Amor sagrado e amor obsceno, espiritual e carnal. Duas facetas do amor completamente opostas - mas talvez também complementares. E que melhor exemplo desse contraste que as duas obras que se conjugam neste Livro Amarelo? O Cântico dos Cânticos, mil vezes reinterpretado para servir a metáfora mais conveniente e, porém, explicitamente feito de amor - espiritual e carnal. E o Manual de Civilidade para Meninas, profano, blasfemo, por vezes incrivelmente obsceno... e, porém, analisando da forma mais crua a hipocrisia da sociedade da moral e dos bons costumes. Não podiam ser mais diferentes, provavelmente. E, contudo, o conjunto cria uma estranha harmonia...
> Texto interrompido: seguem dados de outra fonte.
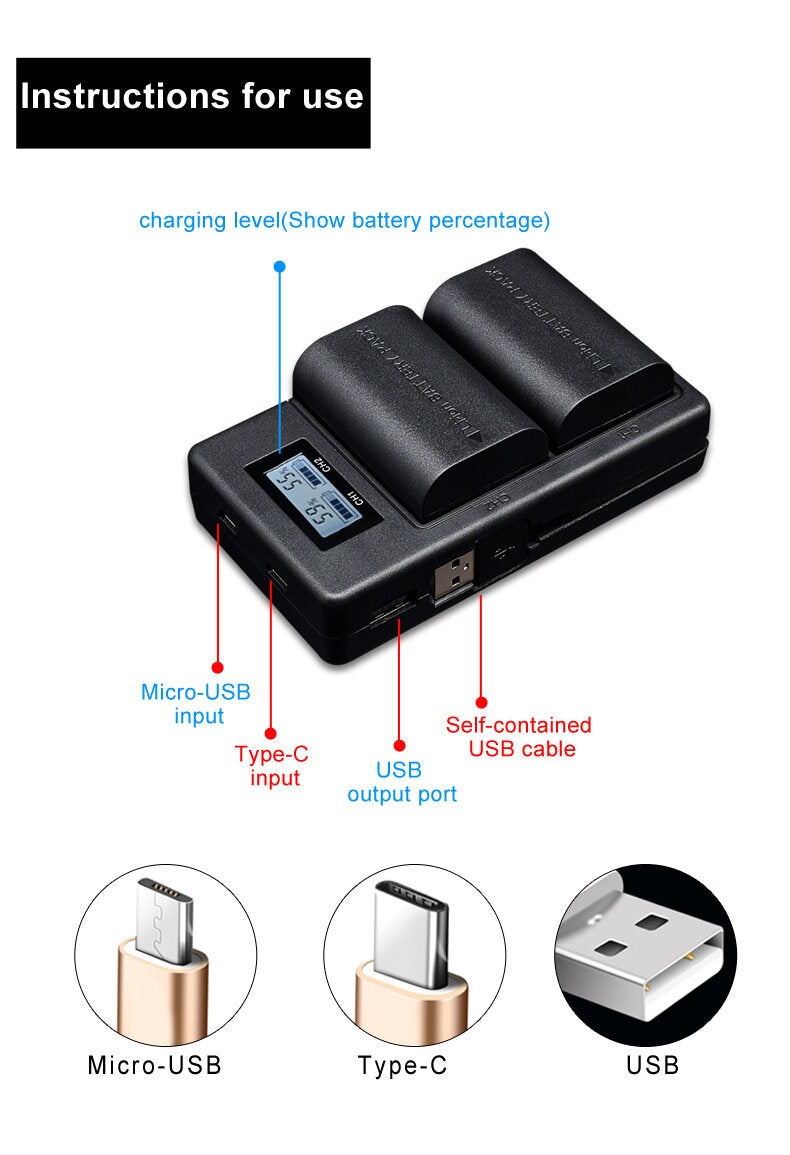 TOPCINE LP E6 LPE6 LP-E6 E6N LCD Dual Charger For Canon EOS 5DS R 5D Mark II 5D Mark III 6D 7D 80D 90D EOS 5DS R Camera camera battery charger TOPCINE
Uma das características mais interessantes destes Livros Amarelos é a forma como, conjugando duas obras contrastantes, e associando-lhes depois alguns ensaios e notas bibliográficas, se constrói um todo que é mais que a soma das partes. Sim, cada obra é completa em si mesma, mas associando-lhe os textos complementares (neste caso, de Eugénia de Vasconcellos - responsável também por esta versão do Cântico dos Cânticos - e Manuel S. Fonseca) cria-se uma percepção mais vasta, mais completa do todo. Algo que, neste livro, se torna particularmente interessante, tendo em conta que há, para ambas as obras, interpretações possíveis para além do que o texto diz.
Mas passando às obras. O Cântico dos Cânticos dispensa apresentações. Poema de amor sagrado entre o amado e a amada, expressa esse amor em todas as suas facetas. Não é uma história, e contudo há algo a acontecer entre as suas figuras centrais. Não é (por mais interpretações nesse sentido que se lhe tenham dado) propriamente um texto de fé, e contudo há algo de sagrado nas suas palavras. É, sim, e acima de tudo, um texto de amor e na expressão desse amor há muita beleza e harmonia.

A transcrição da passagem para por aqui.